Effects of Feeding Whole Cottonseed on Composition of Milk
Posted in Abstracts
Authors: J. DePeters, S. J. Taylor, A. A. Franke, and A. Aguirre
University: Departments of Animal Science and Food Science and Technology University of California Davis
Year Published: 1985
Abstract: Complete mixed diets containing O, 10, 15, or 20% whole cottonseed were fed to 12 cows in a 4 X 4 Latin square design. Cows were assigned to the Latin square by production status resulting in one square each for cows in early first lactation and older cows either in early or late lactation. Diets were fed for ad libitum intake, and periods were 21 days. Percentages of milk fat and total solids increased, and protein percentage decreased with cottonseed feeding. Milk casein nitrogen decreased from .387 to .375% with cottonseed feeding. Nitrogen in whey remained unchanged, and nonprotein nitrogen increased. Proportion of total nitrogen in casein and whey fractions was not altered, but proportion of nonprotein nitrogen increased. Cottonseed decreased proportions of short-chain fatty acids (carbon-6 to carbon-16) in milk and increased stearic and oleic acids. Actual yield of milk was not affected by cottonseed feeding, but yields of fat corrected milk and milk fat were increased.

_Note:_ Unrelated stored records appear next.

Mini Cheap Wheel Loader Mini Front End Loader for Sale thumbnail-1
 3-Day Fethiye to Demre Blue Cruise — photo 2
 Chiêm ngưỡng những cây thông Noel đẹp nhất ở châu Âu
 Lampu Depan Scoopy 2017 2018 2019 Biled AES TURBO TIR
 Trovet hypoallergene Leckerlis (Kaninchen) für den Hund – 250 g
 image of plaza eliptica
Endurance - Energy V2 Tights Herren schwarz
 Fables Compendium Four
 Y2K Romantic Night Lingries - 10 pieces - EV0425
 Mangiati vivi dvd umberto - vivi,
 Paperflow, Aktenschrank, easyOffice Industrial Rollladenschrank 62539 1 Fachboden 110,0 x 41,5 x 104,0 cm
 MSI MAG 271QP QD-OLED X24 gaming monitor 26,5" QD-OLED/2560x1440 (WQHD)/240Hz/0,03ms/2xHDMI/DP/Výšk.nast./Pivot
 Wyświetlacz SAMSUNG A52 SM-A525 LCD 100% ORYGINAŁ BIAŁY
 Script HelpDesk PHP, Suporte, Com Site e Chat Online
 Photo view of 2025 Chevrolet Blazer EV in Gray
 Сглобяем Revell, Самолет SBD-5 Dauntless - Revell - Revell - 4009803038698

Production status affected milk composition with older cows in early lactation producing milk of lower fat, total solids, and protein content compared with cows in other groups. Casein nitrogen was highest for first-lactation and lowest for older, high-producing cows. Whey nitrogen was highest for older, low-producing cows. First-lactation cows had the highest proportion of nitrogen in the casein fraction, and older, low-producing cows had the lowest. Milk fatty acid composition changed little with status.